Euro's roots can be traced to post-World War II era


MULTIMEDIA: An interactive timeline chronicling the history of the euro. (Requires Shockwave plug-in.)

Image NEW YORK -- It's hard to understand the euro without knowing the new currency's history.

The term "euro" was coined in December 1995 at a meeting of the European Council, a governing body of the European Union. The concept of a common currency, however, has been discussed ever since the end of World War II.

After the ravages of two great wars, European politicians hoped that an economic and monetary union would help curb future conflicts. Such a union would mean the creation of a single monetary policy within a single economic market.

An initial step in this direction came soon after World War II with the creation of the Single Market system to foster trade within Europe.

In 1977, the president of the European Commission officially put forth the idea of the European Monetary Union (EMU), which eventually became a reality as a result of the 1992 Maastricht Treaty. That treaty stipulated that the union would promote economic progress and referred to the "irrevocable fixing of a single currency, the European Currency Unit, (ECU), and a single monetary policy and exchange-rate policy."

The ECU, which becomes the euro on Jan. 1, is the basket of 15 currencies representing the members of the European Union.

All members of the European Union were eligible to join the monetary union, but they had to meet strict financial criteria, such as limited budget deficits and low inflation. Denmark, Sweden and the U.K. chose not to join the union but still have the option to do so. Greece was unable to qualify for the monetary union but may try again in the future.
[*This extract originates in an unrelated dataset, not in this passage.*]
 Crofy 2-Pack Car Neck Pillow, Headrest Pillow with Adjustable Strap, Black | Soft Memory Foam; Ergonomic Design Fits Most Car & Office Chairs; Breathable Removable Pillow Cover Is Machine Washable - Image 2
So the euro is the ECU minus four.

Last May, the European Monetary Union was formally initiated as 11 countries qualified for membership and conversion rates between the euro and national currencies were fixed.
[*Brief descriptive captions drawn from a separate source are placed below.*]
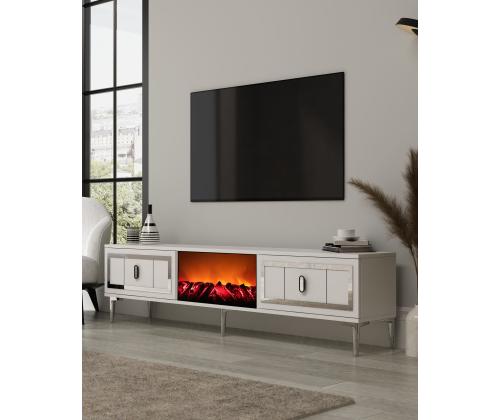 TV laud Orion Fireplace - White, Silver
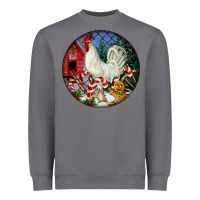 Storm leghorn rooster christmas ornament Heavyweight Sweatshirt - LillyAllenDesigns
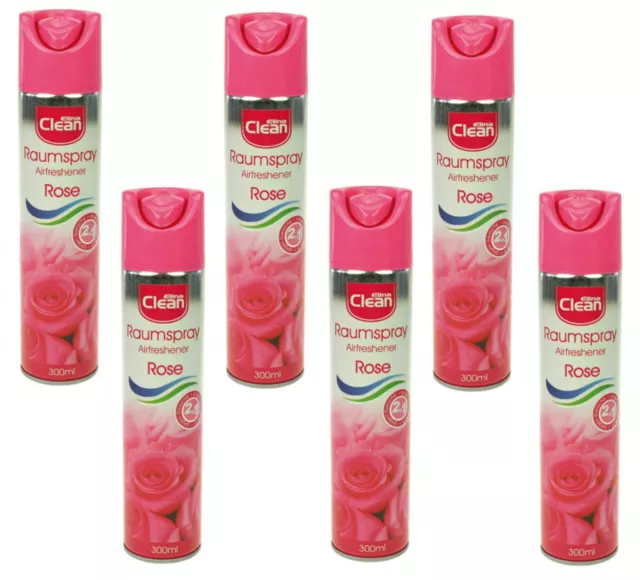 Elina Clean Raumspray Lufterfrischer 6x 300ml Rose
The process is being controlled by the Frankfurt-based European Central Bank (ECB), which was formally established in June, following a skirmish between France and other EMU members over its control.

The ECB will also control the supply of the euro, a feature still contested by some economists. Monetary union is to be achieved by locking exchange rates between countries and merging national monetary policies.

The French have sought a more politically influenced bank, tied to countries' social and economic policies, while other union members such as Germany have fiercely defended an independent financial institution. In the end, a compromise was reached, and the bank is managed by the German candidtate, Dutch banker Wim Duisneberg, to be followed after four years by Jean-Claude Trichet, a French banker.

The bottom line: New currency can be a time-saver for travelers

NEW YORK -- The most obvious benefits of the euro -- a much-reduced need to visit the exchange bureau or bank abroad and streamlined rates -- are illustrated by a recent two-country European visit I took in November.

I had British pounds, which I changed into Spanish pesetas. First, dreading a rip-off, I interviewed three exchange bureau employees in search of the best rate. Time wasted: 20 minutes.

Then, I kept getting confused between the currencies and consistently handed the wrong national currency to patient members of the service industry. Time wasted: Who knows?

Despite my best efforts, I was unable to locate the slip that allowed me to change my pesetas back to pounds without paying an additional fee. Time wasted: At least 10 minutes looking for the slip of paper.

As a final act of silliness, I felt the need to overspend my pesetas, thinking I might not be back in Spain for some time. Had I been holding euros, I might have been more conservative.

The point of the above anecdote is that the euro not only has an impact on the world economy -- as articles in this guide note -- but that the lives of you and me and the man who sells foie gras in Paris will be permanently changed by the new currency, as well.